Enhancing spectre attack detection with conditional GAN data augmentation and LSTM classification
摘要
The Spectre attack exploits speculative execution in modern processors, allowing attackers to leak sensitive information by manipulating branch prediction and executing instructions along speculative paths. The spectre attacks utilize cache timing analysis as a side channel to infer protected memory contents, bypassing traditional security boundaries. To address the challenge, the paper proposes a novel framework that integrates Conditional Generative Adversarial Networks (CGANs) for synthetic data augmentation and Long Short-Term Memory (LSTM) networks for real-time anomaly detection. CGANs generate diverse speculative execution scenarios, enhancing the dataset and improving model robustness against new Spectre variants.

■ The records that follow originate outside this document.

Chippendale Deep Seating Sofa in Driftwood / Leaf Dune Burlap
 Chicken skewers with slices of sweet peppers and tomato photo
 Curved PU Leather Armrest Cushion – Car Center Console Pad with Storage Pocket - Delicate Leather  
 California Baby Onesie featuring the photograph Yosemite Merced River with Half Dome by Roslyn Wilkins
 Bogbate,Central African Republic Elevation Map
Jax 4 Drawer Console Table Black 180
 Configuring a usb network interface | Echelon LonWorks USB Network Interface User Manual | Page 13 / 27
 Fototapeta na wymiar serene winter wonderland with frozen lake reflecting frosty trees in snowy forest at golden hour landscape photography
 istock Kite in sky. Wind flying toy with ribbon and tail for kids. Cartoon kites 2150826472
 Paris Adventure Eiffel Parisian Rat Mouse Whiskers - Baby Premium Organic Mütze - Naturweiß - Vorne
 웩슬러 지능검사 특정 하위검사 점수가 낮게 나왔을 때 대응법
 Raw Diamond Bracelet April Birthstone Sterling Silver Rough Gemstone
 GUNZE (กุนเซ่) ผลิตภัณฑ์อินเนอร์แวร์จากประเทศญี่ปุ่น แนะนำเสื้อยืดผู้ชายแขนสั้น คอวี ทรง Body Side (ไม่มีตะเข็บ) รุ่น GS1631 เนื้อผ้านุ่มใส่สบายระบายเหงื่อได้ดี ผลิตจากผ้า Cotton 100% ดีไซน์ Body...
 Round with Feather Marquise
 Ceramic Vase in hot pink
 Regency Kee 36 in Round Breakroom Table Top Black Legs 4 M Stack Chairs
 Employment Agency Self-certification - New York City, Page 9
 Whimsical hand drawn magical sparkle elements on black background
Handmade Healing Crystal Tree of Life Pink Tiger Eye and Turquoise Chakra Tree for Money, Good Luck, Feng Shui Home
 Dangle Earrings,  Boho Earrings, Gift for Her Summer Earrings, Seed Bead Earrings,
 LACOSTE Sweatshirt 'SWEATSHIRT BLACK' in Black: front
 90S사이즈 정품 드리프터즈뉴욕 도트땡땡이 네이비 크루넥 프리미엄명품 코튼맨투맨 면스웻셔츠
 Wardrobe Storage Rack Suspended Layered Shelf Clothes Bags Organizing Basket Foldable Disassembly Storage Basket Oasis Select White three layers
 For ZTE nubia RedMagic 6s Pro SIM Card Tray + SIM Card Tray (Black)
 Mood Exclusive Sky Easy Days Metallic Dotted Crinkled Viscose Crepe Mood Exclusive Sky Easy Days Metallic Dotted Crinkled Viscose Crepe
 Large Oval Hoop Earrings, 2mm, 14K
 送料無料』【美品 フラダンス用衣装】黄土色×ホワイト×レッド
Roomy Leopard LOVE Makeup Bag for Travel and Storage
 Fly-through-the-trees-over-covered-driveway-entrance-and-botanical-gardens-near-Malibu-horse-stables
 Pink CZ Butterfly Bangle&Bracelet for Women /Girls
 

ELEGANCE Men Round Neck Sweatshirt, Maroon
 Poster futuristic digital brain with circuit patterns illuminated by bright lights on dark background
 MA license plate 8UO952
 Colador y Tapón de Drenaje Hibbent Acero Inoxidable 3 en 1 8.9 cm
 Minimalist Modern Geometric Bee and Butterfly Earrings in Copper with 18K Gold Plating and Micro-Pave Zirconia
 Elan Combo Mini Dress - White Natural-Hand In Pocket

LSTM models analyze temporal patterns in Hardware Performance Counters (HPCs) to detect subtle deviations in CPU behavior indicative of Spectre exploitation. The proposed CGAN-LSTM framework dynamically adapts to evolving attack patterns, achieving a 31% improvement in detection accuracy over traditional methods while maintaining a low false-positive rate. Experimental results demonstrate the model’s effectiveness in detecting both known and previously unseen Spectre variants in real-time. The proposed work highlights the potential of combining machine learning with advanced speculative execution analysis to mitigate sophisticated side-channel vulnerabilities in modern computing systems.